CAUTION - BE CAREFUL NOT TO DROP ANY SCREWS INSIDE THE PCU.  THERE ARE HIGH
	  POWERED COMPONENTS INSIDE THE PCU THAT CAN BE SHORTED.  IF YOU DROP A
	  SCREW INSIDE THE PCU THEN MAKE SURE YOU RETRIVE IT BEFORE CONTINUING.

2.) PCU is now ready to replace the other PCU in the T3.  Follow PART 1,
    STEPS # 1-10, to replace the PCU.

3.) From the T3 CLI type ".bat -n u(x)pcu(y)", where u(x) is the unit #
and
    pcu(y) is the PCU location # of the just installed PCU.  This will zero out
    the 'Battery Warranty Date' field and set the 'Battery Install Week' based
    on the T3 date setting.  It also will zero out the 'Battery Internal Flag'
    if it was set to 1, indicating low battery.

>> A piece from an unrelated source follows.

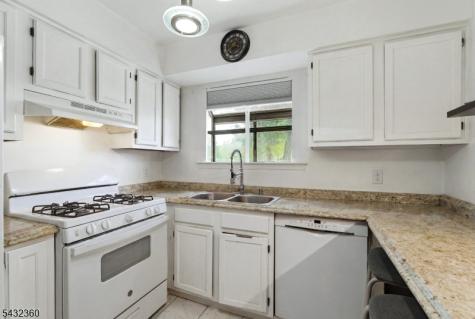 703 Pinehurst-10 Union NJ 07083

4.) Type ".id write busage u(x)pcu(y) 0 ".  This will calculate the
'Battery
    Warranty Date' and 'Battery Life Used'.  This can be verified by typing
    "id read u(x)pcu(y)".

5.) Repeat the above procedures to replace the battery on the removed
    PCU and to install it back into a T3.

6.) Dispose of the battery in accordance with local laws. 


----------------------------------------------
PART 3 - Refresh Schedule Adjustment Procedure
----------------------------------------------

PRE-REQUISITE:

This procedure changes the battery refresh cycle from 14 to 28 days to prolong
the life of the battery.  Only perform this procedure if the T3 refresh cycle
is currently set at 14 days.  Some customers who are running T3 firmware 1.17b
would already be running at 28 days, while others at lower rev T3 firmware
might have proactively changed the battery refresh cycle to 28 days per FIN
I0677-1.

Always check "/etc/schd.conf" for the 28 day battery refresh cycle
before 
proceeding.

PROCEDURES:

1.) Check the T3 file "/etc/schd.conf" to see if it shows "BAT_CYC
14".  If
    yes, then continue with the rest of this procedure.  If it shows
"BAT_CYC
    28" then refresh cycle is already set to 28 days and this procedure can
be
    skipped.

2.) Check to see if the T3 is running a battery refresh by typing "refresh
    -s" from the T3 CLI.  If yes, type "refresh -k" then go to the
next 
    step.

3.) Verify that your date and timezone are set correctly on the T3 for your 
    particular area.

    usage: tzset [[+|-]hhmm] (Just type "tzset" if you want to know
what 
    it is currently set to).

    usage:  date [yyyymmddhhmm[.ss]] (just type "date" if you want to
know 
    what it is currently set to).

4.) Ftp from a workstation to the T3 that will have its scheduler adjusted.

    a) Get /etc/schd.conf.

    b) Edit the file in the following way;

        BAT_BEG MM-DD-YYYY,hh-mm-ss (optional)
        BAT_CYC 14  <-----change to BAT_CYC 28

    c) Ftp to the T3 and put the modified schd.conf file back to the
       /etc directory.

5.) Type "refresh -i" (Re-Initialize scheduler)

6.) Type "refresh -s" (Check date of next refresh, should be 28 days)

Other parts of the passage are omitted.